The Dirty Little Secrets of Productivity Bloggers
"I trust so few that it is much easier to simply keep no secrets." - Nathaniel Summers
Psst … hey, over here … I have a secret to tell you. Don't tell anyone!
What I'm about to tell you is top secret. Please don't let on that I told you, or I'll be ostracized in the productivity blogging world. Promise?
I've been a productivity blogger for more than a year and a half now (related secret: I'm more of a simplicity blogger than productivity blogger, but don't tell), and I've been keeping some secrets inside of me. But about six months ago, I began to realize that these secrets aren't unique to me. In fact, every blogger I've talked to in this field seems to share them.
This is a generalization, of course, and there may be exceptions but: I think every blogger in my field has these secrets. Or at least some of these secrets.
I'll tell you what they are. Don't judge us too harshly. We're humans, like everyone else, with secret desires and fears and hopes and flaws. The same as you, in fact. And again, don't tell I told.
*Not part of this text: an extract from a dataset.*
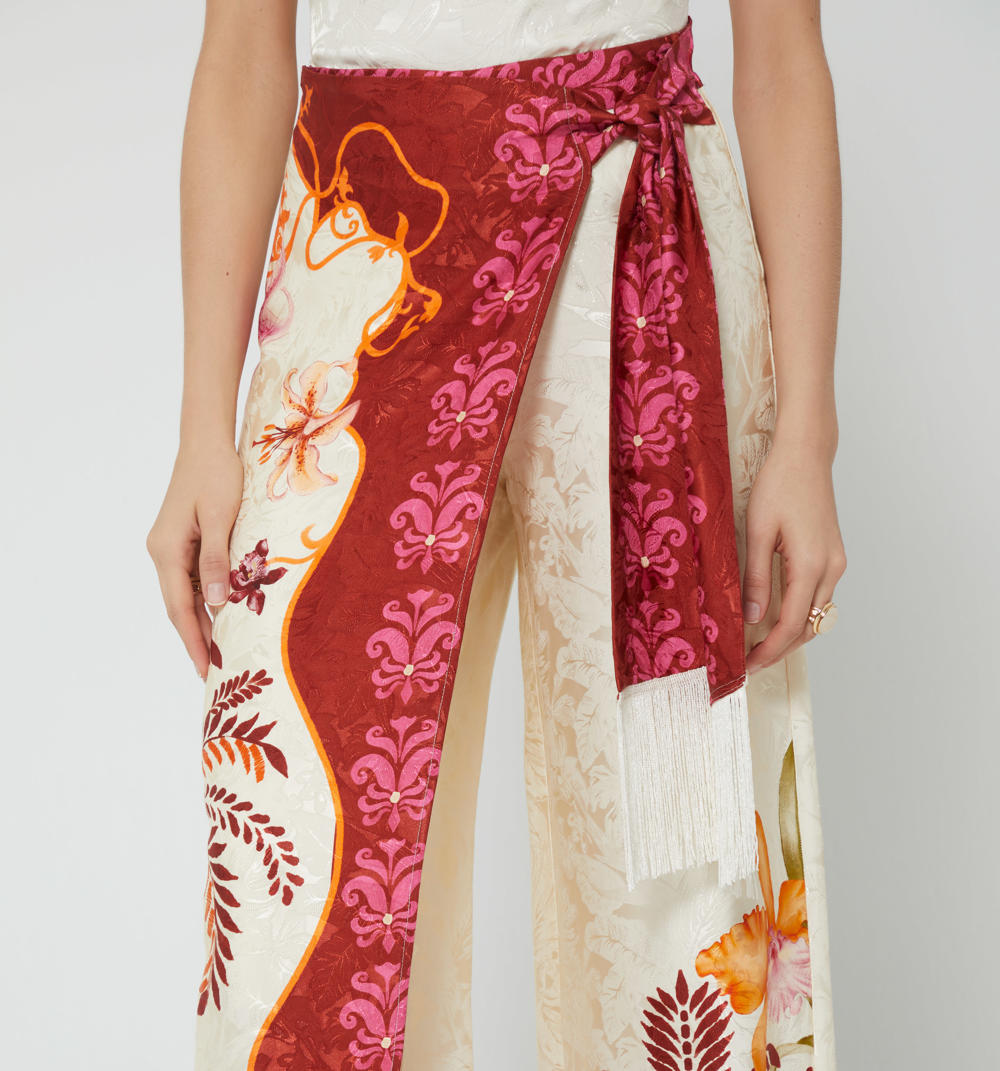 PANTALON-COMBINADO-S029222AD3.JPG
- We're making it up. Yes, you heard that right. Some of what we write about we read other places, and tested it out, and found it worthy of passing on. Other stuff we just make up as we go along, and see if it works. Sometimes it doesn't work, and we move on to something else. But here's the thing: no one in the world has it all figured out. Not David Allen or Stephen Covey or Merlin Mann or Lifehacker's Gina Trapani and Adam Pash, not anyone. Certainly not me.
- We're deathly afraid people will find out. Yes, we're afraid people will start pointing out that the Emperor has no clothes on, and we'll be in the middle of a crowd, naked, with everyone laughing at us. Naked productivity bloggers — not an image you wanted to conjure up while eating breakfast, now was it? But because of this fear, we have to act like we know what we're talking about. Truth is, we don't know any more than anyone else. We might be more knowledgeable, only because we read about it more and write about it more and talk about it more than most, but we don't know for sure what works best and we certainly don't know what works best for each and every person.
- We don't always follow our own advice. If you had a fly-on-the-wall camera and could spy on the best in the biz — I'm talking about giants like Gina Trapani and Adam Pash and Merlin Mann and David Allen — you'd see that even they let their email pile up sometimes, I would wager. Even they have days when they're not motivated, when they don't follow their systems or tips or general productivity advice. Maybe they're better than most, but not always. I will admit that I often let my to-do list go, that sometimes I have a dozen unreplied and unacted-upon email messages in my inbox (not lately — my inbox is clean!). I sometime let my life get complicated, and sometimes check email too often during the day.
- We can be lazy and let things go. I'll be the first to admit it. I take naps. I sometimes take a day or two off and feel unmotivated. I will let tasks pile up. Not all the time, not even most of the time, but sometimes. I'm not perfect, and neither is anyone else in my field. I can't speak for everyone, but I do know that we're all human.
- We didn't invent any of this. Merlin Mann's Inbox Zero, for example, is based almost entirely on David Allen's Getting Things Done. Allen's GTD, in turn, is based on productivity advice that has been around for generations — each productivity guru improving on the previous one a little, but basically giving the same advice. GTD isn't revolutionary — it's a great system compiled from advice that's been around for awhile. Allen didn't invent inbox processing, the 2-minute rule, context lists, tickler files, or any of it. And I'm not picking on Inbox Zero or GTD — none of the stuff you read is original. However, we each give this solid advice our own little personal spin, based on what works for us, on our unique personalities, on the results of our personal experiments.
- We're just regular people, figuring things out. Think of our productivity posts as the preliminary results of an ongoing experiment. We try things out, and if it seems to work, we pass it on. If it doesn't, we'll let you know. But these posts aren't the final results — we're still testing things out, still trying to figure out what works when and for whom. It's an experiment that will probably last for as long as people do work.
- We really do love all this stuff. Despite all of the above, despite our flaws and secrets, this is a great job, and we love it. It shows in the enthusiasm and passion in our writing. All the bloggers I mentioned above, and the many more that I haven't, are excellent writers. They throw themselves into this crazy, flawed, and wonderful experiment, and that's a very cool thing. I personally love writing about these topics, and I hope I always will. I hope the day never comes when I have all the answers, when I no longer need to search for the truth, when I have perfected my productivity system to the point where it no longer needs tweaking and revamping. If that day comes, I'll be looking for a new line of work.